Trihedralguy has asked for the wisdom of the Perl Monks concerning the following question:

I'm not sure if this is a multi dimensional hash, but I'm grabbing the information from an XML document and I'm parsing it into a hash. It works fine, except when I'm trying to navigate through one of this multiple-keys:

'characters' => { 'Apple' => { 'fruit_id' => '0' }, 'Orange' => { 'fruit_id' => '0' }, }


I'm trying to loop through each key, I dont care what the data is in the element, I just want the key, I tried doing something like this:

my $fruits_xml = $xml_feed->{grocery}->{produce}; #narrowing just to produce here. while( my ($fruit_name) = each %$fruits_xml) { ... }
I generally know how a hash functions, but for some reason this results as an infinite loop, iterating through the hash over and over.

This is my first time working with hashes, and really this project is being done for learning how to be more comfortable with hashes and references.

Any ideas / tips to help me along my way?

Thanks!

Replies are listed 'Best First'.
Re: 'Multi-Dimensional' Hash
by ikegami (Patriarch) on Oct 20, 2009 at 21:55 UTC

    but for some reason this results as an infinite loop,

    This has nothing to do with multi-level hashes. Something (keys, values or each) in the loop (in ...) must be reseting the %$fruits_xml's iterator.

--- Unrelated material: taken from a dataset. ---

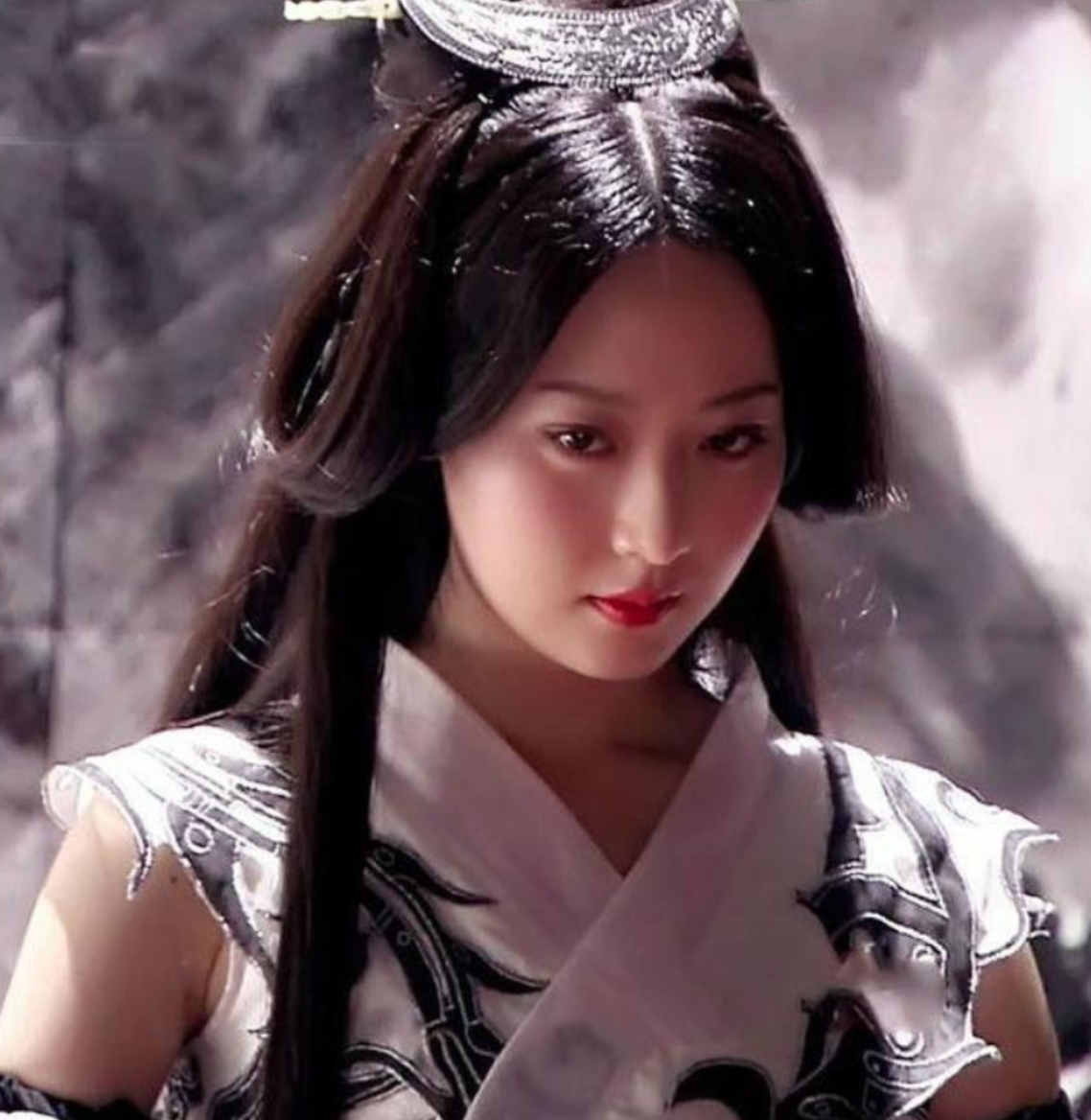 2010年电视剧《神话》的播出让白冰迅速走进了观众的视线之中,她饰演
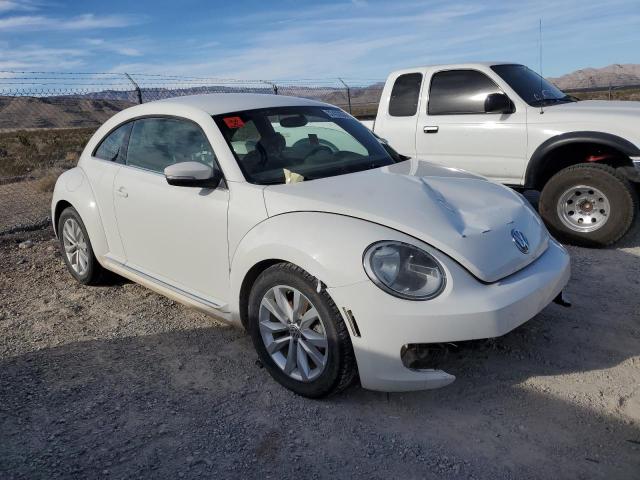 3VWJL7AT0DM663145 - 2013 VOLKSWAGEN BEETLE WHITE photo 4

    my %h = qw( a 1 b 2 c 3 d 4 ); for (1..2) { my $i = 0; while (my ($key) = each %h) { print $key; keys(%h) if $_ == 2; # Reset %h's iterator in second test. last if ++$i == 10; # Break out of infinite loop. } print("\n"); }
    $ perl a.pl cabd cccccccccc
      Is this common to have to do it this way?
      I'll grab my example code when I get home again and have another look.
        The code demonstrates what you are doing wrong, so your question doesn't make sense to me.
Re: 'Multi-Dimensional' Hash
by kennethk (Abbot) on Oct 20, 2009 at 21:50 UTC
    When I run the code

    #!/usr/bin/perl use strict; use warnings; my $characters = { 'Apple' => { 'fruit_id' => '0' }, 'Orange' => { 'fruit_id' => '0' }, }; while( my ($fruit_name) = each %$characters) { print "$fruit_name\n"; }

    I get output

    Apple Orange

    which I assume is what you want. This is pretty much cut-and-paste from what you posted, so I'm not sure where your actual code has gone wrong. Perhaps your XML reader is not returning what you think? Tips include the friendly perlref, perlreftut, perllol, and perldsc.